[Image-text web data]
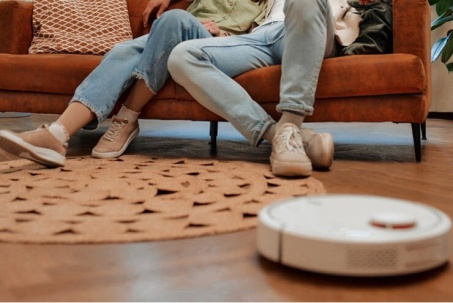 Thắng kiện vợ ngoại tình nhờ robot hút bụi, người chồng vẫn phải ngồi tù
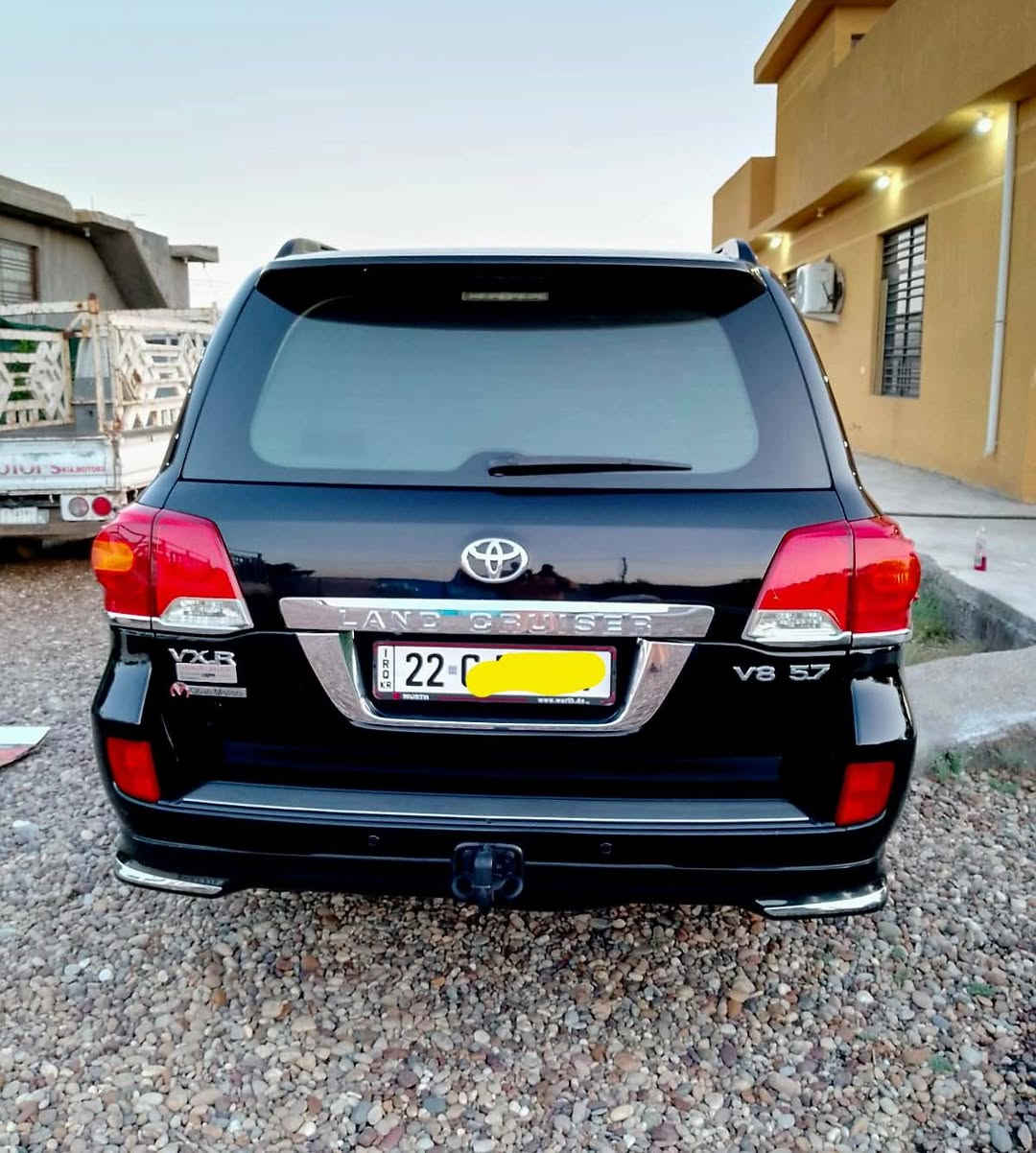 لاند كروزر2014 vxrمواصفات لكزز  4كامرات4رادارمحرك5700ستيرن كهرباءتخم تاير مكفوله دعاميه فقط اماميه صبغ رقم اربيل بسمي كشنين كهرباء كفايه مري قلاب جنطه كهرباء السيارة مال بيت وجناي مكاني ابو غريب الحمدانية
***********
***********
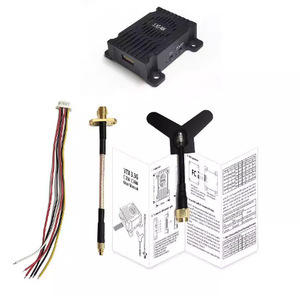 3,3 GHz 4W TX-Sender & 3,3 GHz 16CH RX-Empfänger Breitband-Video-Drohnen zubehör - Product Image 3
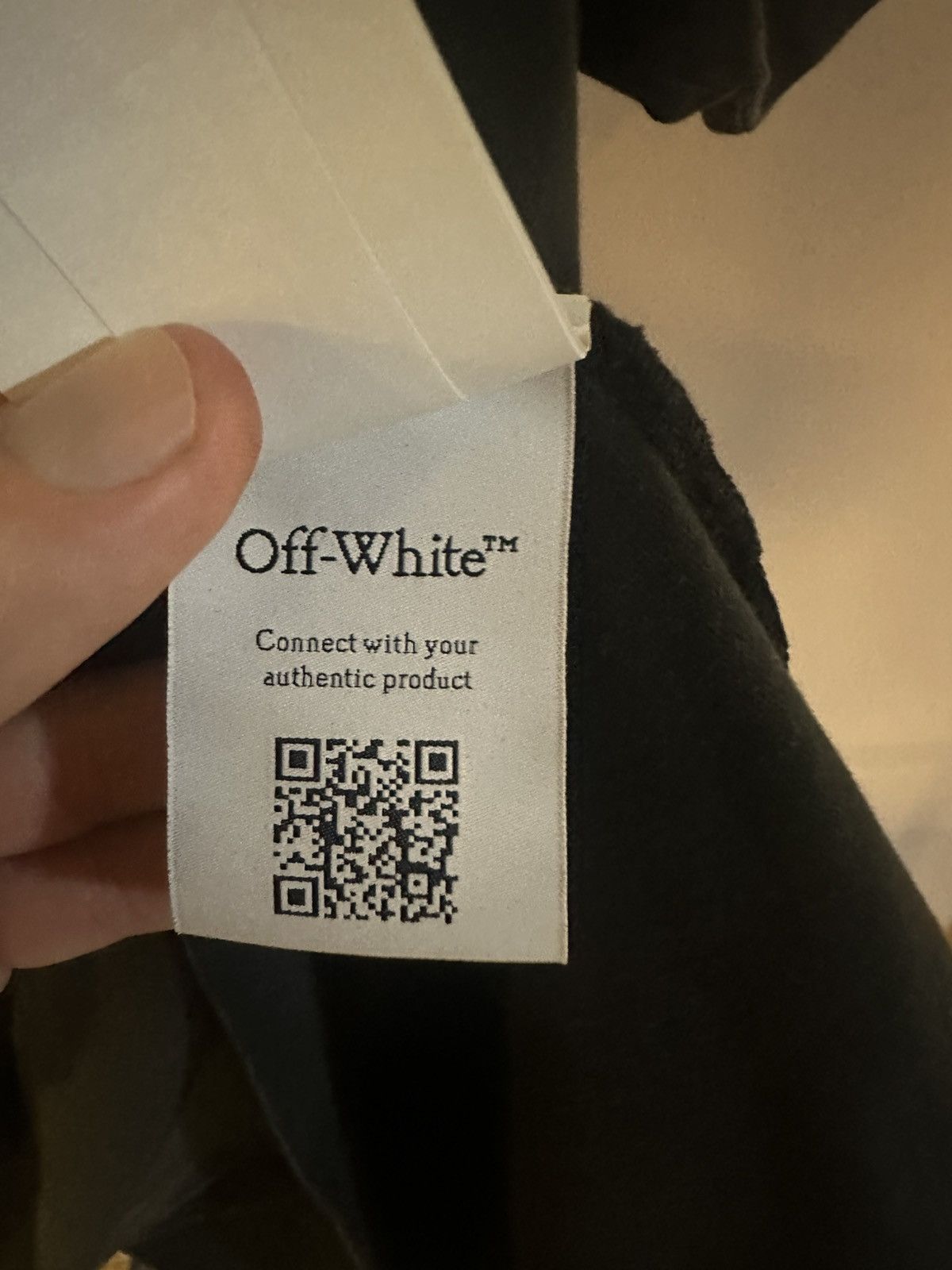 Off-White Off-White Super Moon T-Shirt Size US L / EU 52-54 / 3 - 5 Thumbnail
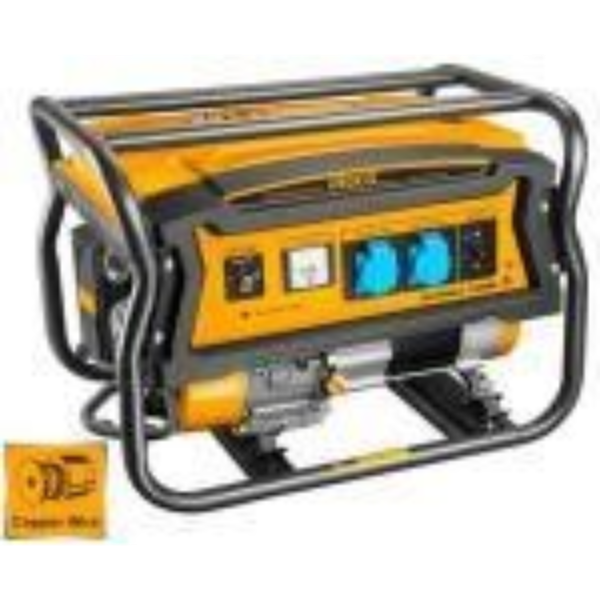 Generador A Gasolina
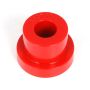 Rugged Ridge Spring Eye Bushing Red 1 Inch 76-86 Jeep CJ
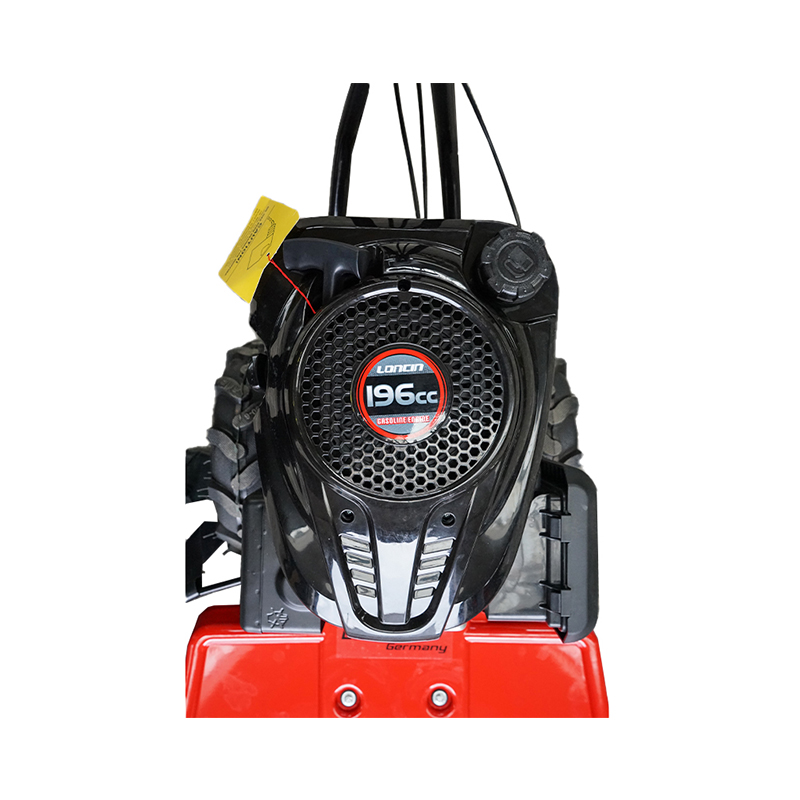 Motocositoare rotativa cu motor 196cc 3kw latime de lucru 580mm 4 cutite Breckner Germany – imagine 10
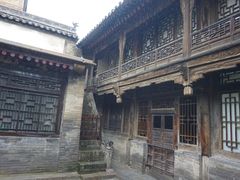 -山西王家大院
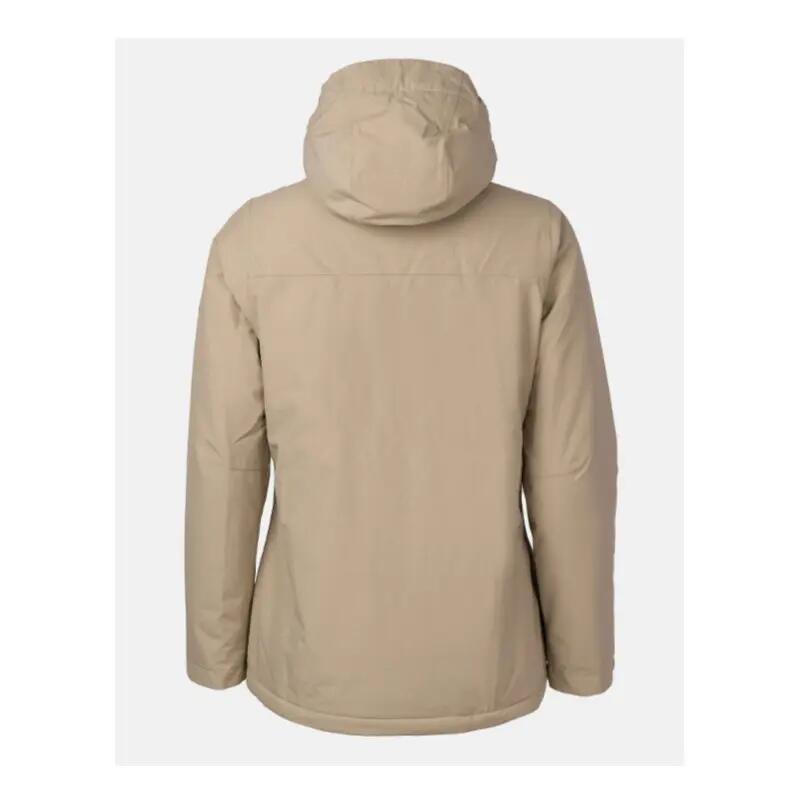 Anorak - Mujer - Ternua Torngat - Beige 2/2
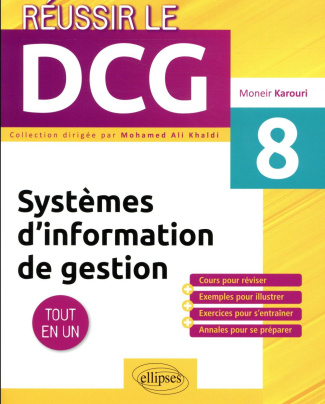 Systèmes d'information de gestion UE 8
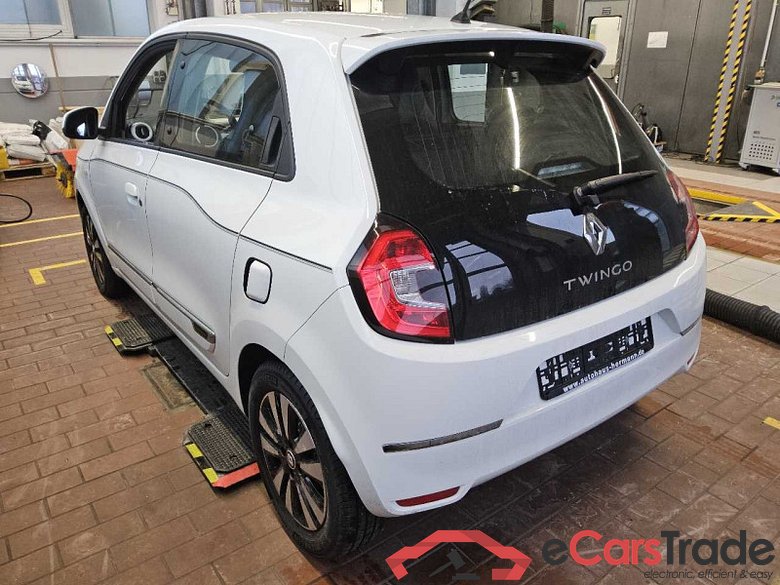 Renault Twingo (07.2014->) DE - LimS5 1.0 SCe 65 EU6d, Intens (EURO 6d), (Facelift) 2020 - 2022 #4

WORK ORDER → The copy starts at the line holding "Anorak - Mujer - Ternua Torngat - Beige 2/2" and ends at the last line of the records above. Transcribe those lines exactly, pictures excluded.

COMPLETED EXERCISE →
 Anorak - Mujer - Ternua Torngat - Beige 2/2
 Systèmes d'information de gestion UE 8
 Renault Twingo (07.2014->) DE - LimS5 1.0 SCe 65 EU6d, Intens (EURO 6d), (Facelift) 2020 - 2022 #4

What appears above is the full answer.